> _What to work on_
Your task is to copy the stretch of lines in the records below that begins with the line containing "Bedroom features wood" and ends with the line containing "Woman running on a hill", exactly as written, with nothing added.

> _Supplied data_
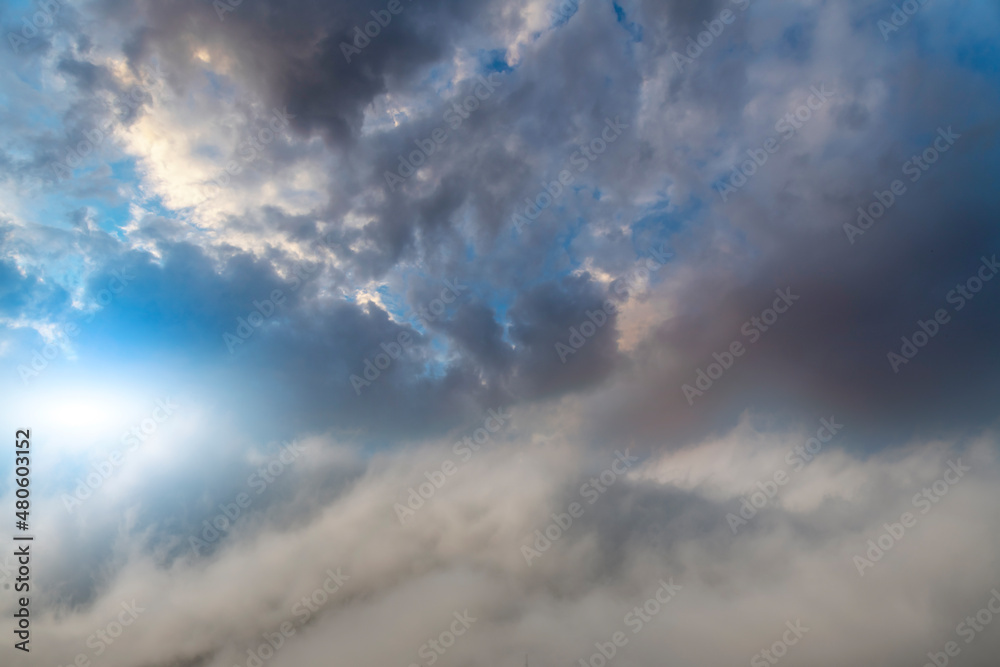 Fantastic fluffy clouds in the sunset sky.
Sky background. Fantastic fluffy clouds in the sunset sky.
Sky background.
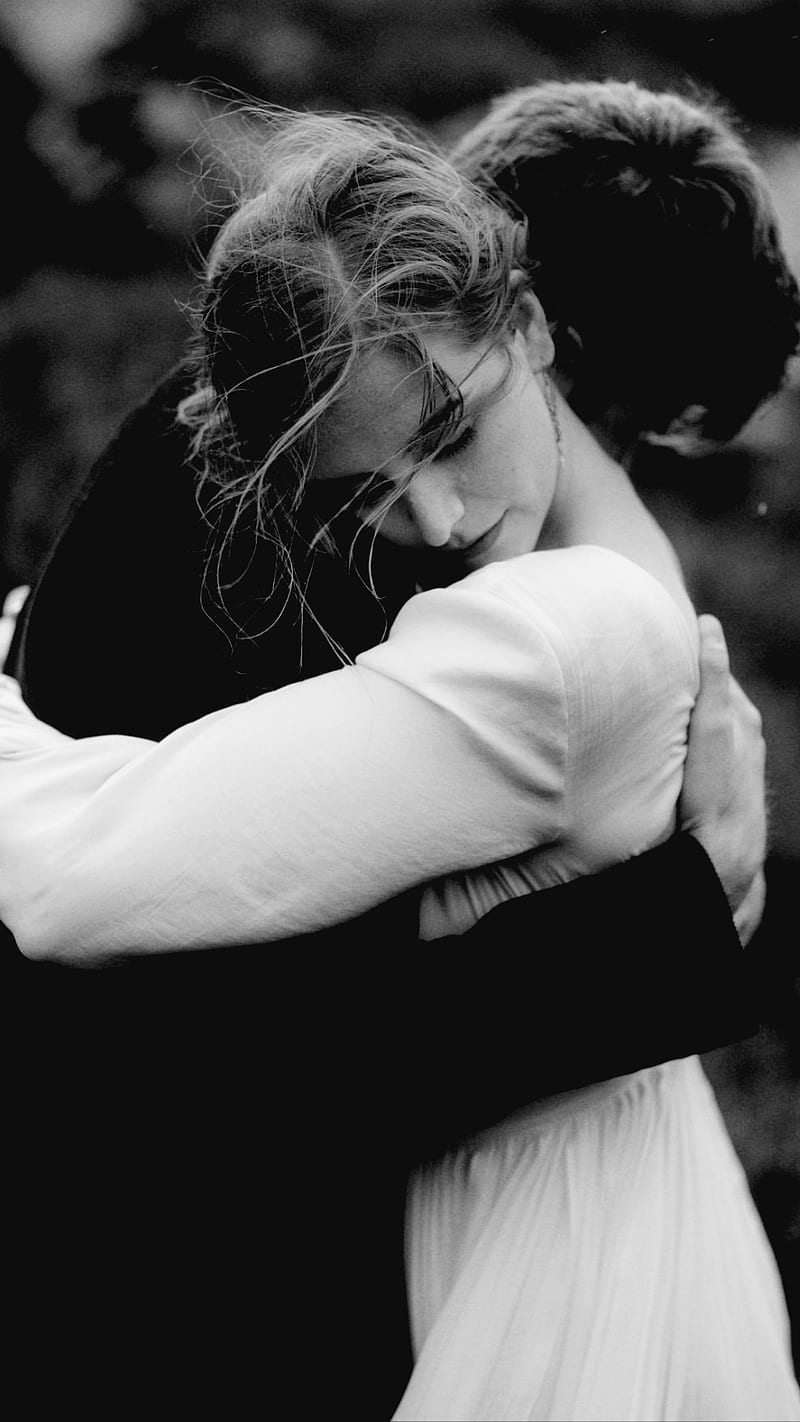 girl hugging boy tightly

---

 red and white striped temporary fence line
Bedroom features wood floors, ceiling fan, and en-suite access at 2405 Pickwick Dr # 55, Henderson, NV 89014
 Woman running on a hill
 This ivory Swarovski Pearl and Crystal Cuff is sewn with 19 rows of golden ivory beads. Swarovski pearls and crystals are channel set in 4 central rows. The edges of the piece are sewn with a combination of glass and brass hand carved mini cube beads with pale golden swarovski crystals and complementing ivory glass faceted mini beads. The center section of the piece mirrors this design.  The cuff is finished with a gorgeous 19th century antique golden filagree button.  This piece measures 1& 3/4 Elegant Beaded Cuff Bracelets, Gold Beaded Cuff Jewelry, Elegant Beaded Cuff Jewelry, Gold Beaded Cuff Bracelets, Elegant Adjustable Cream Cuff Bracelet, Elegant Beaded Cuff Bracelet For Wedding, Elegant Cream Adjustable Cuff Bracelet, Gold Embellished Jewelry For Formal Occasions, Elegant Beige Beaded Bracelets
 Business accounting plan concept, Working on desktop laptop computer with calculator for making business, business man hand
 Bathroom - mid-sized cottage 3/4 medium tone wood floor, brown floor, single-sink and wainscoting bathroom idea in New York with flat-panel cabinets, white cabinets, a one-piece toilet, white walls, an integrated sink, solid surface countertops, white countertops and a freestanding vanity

==

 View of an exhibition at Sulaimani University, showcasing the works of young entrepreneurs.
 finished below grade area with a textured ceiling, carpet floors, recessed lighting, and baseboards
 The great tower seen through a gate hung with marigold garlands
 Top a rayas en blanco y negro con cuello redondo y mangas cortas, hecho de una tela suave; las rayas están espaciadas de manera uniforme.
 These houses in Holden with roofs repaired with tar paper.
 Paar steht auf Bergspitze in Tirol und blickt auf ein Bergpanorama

> _Answer box_
Bedroom features wood floors, ceiling fan, and en-suite access at 2405 Pickwick Dr # 55, Henderson, NV 89014
 Woman running on a hill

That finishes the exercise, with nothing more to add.